Im September überrascht Herzog sportlich, als sie sich bei der WM in Spanien mit dem Einzug in den Endlauf für Olympia qualifiziert und dann das Finale auch noch gewinnt. Anschließend fliegt sie zum ersten Lehrgang nach Tokio. Die Strecke dort sei ziemlich schön, meint sie.

Die Auszeit ist gut - um mal wieder runterzukommen

Im Januar ehrt sie der Deutsche Olympische Sportbund (DOSB) als Eliteschülerin des Jahres 2019. Dann breitet sich das Virus immer mehr aus, im März verlegt das Internationale Olympische Komitee die Sommerspiele auf 2021. Herzog hofft, „dass Olympia nicht noch auf 2022 verschoben wird“. Sie sieht es als Chance, „dass wir ein Jahr mehr Zeit haben, uns vorzubereiten“. Auch für den Kopf sei es gut, „dass wir den Stress noch mal gehen lassen und von vorn anfangen können“. Die Auszeit genießt sie in vollen Zügen und nutzt sie, um „mal etwas aus dem Druck rauszukommen“ – und auch, um auf das vergangene Jahr zurückzublicken: „2019 war surreal, einfach geil, was ich erreicht habe.“

Jetzt fühlt Herzog sich so gut erholt, „dass ich die neue Saison voller Elan und Motivation angehen kann“. Doch im Wildwasserkanal wirft sie die Pause weit zurück. „Ich habe das Gefühl verloren, fahre nicht mehr so schön rund durch die Tore“, sagt sie. „Ich brauche zwei, drei Wochen, bis ich das wieder so beherrsche, wie ich es gelernt habe.“ Schritt für Schritt tastet sie sich mit Trainingspartner Franz Anton an die Technik heran. Auch er fing in Meißen mit Kanuslalom an und gewann 2018 WM-Gold im Canadier-Einer.

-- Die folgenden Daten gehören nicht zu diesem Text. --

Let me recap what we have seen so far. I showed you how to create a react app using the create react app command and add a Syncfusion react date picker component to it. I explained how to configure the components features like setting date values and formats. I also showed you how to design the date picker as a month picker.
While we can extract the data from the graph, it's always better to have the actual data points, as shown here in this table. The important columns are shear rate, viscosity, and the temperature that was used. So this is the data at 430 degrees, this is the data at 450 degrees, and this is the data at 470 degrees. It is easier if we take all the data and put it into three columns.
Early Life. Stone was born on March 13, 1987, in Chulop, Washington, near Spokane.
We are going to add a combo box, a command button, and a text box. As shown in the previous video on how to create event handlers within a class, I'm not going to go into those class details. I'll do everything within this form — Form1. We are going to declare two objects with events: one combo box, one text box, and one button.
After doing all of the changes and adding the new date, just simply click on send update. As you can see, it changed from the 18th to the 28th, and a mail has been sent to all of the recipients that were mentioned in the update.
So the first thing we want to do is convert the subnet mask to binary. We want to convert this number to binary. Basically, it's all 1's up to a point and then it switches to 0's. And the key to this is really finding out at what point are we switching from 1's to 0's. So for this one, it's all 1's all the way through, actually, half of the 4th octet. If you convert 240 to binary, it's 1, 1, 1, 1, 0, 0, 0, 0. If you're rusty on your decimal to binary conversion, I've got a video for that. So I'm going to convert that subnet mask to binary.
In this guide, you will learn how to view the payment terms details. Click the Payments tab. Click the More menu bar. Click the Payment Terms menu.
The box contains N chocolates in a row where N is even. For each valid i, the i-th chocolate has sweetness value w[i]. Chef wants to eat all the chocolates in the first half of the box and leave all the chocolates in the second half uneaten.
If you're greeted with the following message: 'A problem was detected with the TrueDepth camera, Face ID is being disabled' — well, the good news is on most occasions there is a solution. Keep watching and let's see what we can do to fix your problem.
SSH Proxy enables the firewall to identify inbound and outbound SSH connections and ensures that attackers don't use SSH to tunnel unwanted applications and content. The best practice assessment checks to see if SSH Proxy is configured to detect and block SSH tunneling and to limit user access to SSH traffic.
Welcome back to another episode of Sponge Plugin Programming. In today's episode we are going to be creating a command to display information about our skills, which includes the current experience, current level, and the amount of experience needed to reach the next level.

Bei Olympia 2021 wird sie erstmals die Gejagte sein

„Wir bringen uns gegenseitig voran“, sagt Anton. „Wir sind Multiplikatoren, die sich besser machen.“ Den Rest erledigt Trainer Felix Michel, der allerdings auch die Einschränkungen durch die Pandemie spürt. „Felix hat eine berufstätige Frau und eine Tochter“, sagt Herzog. „Beide teilen sich die Betreuung, er kümmert sich morgens um sie und seine Frau nachmittags. Dann betreut Felix uns.“ Auf Dauer reiche das aber nicht. „Tendenziell wollen wir zweimal am Tag trainieren.“

Schließlich geht es um Olympia, „das Größte, was es gibt“. Doch selbst wenn sie dort Gold holen sollte, würde sie den WM-Sieg höher einstufen. Bei Sommerspielen tritt eine Fahrerin pro Land an, bei der WM starten die Besten aller Nationen. „Für den Titel musste ich mehr leisten. Bei Olympia spielen andere Faktoren eine Rolle, etwa der Druck.“ In Tokio wäre sie erstmals die Gejagte – 2021 oder wann auch immer.